■ **EXERCISE**
Copy the data exactly; pictures stay out of the copy.

■ **STORED DATA**
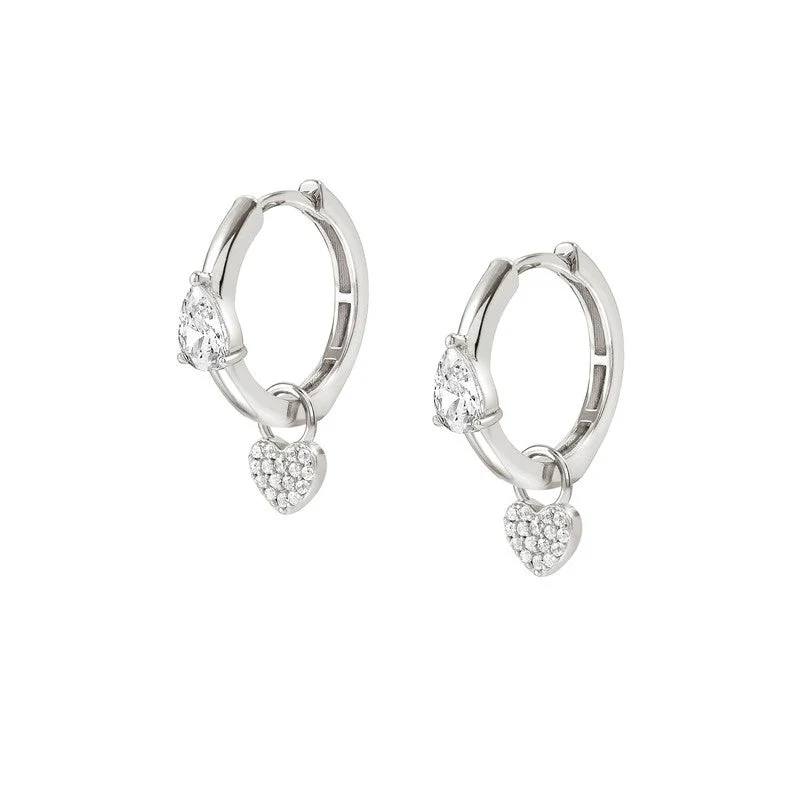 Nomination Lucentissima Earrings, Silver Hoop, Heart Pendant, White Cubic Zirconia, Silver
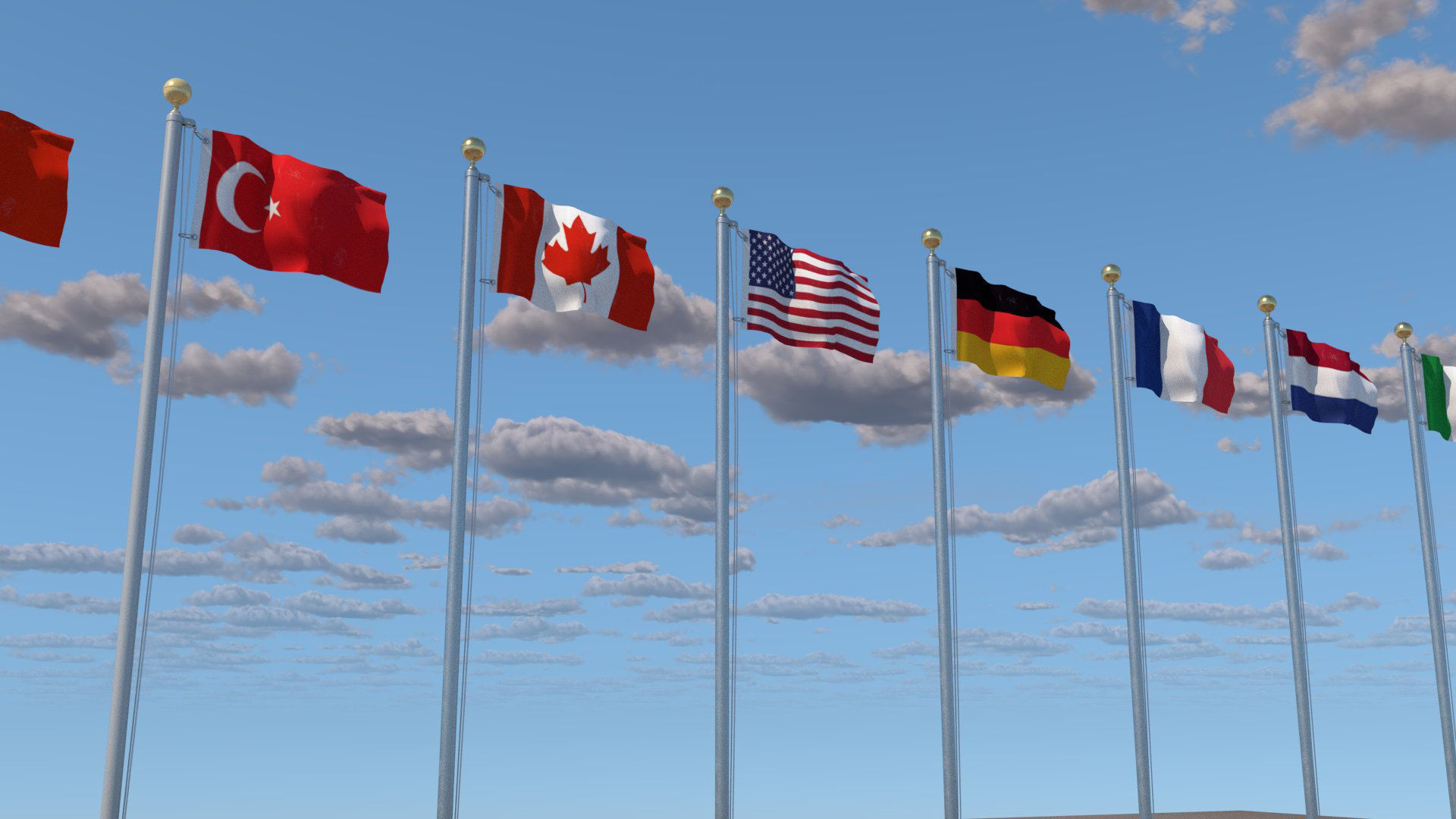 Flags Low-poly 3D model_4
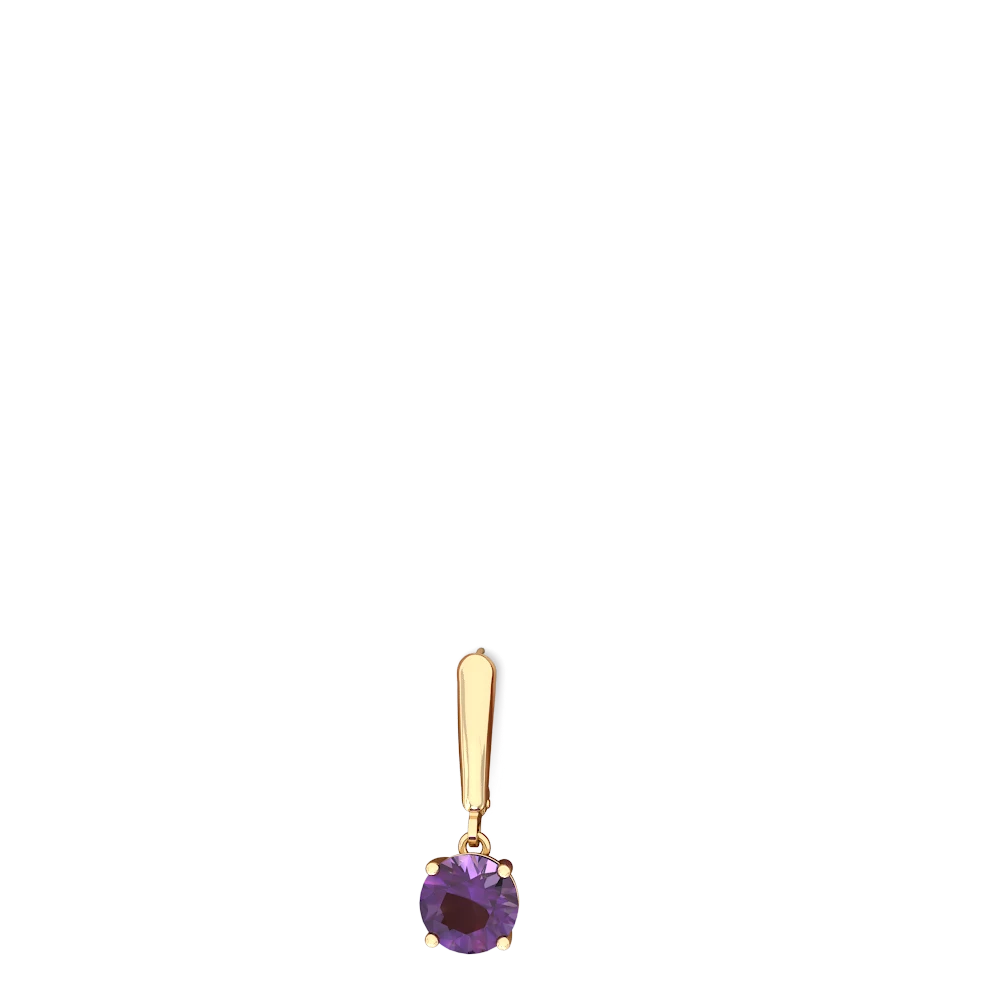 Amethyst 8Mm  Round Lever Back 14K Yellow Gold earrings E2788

■ **FINAL ANSWER**
 Nomination Lucentissima Earrings, Silver Hoop, Heart Pendant, White Cubic Zirconia, Silver
 Flags Low-poly 3D model_4
 Amethyst 8Mm  Round Lever Back 14K Yellow Gold earrings E2788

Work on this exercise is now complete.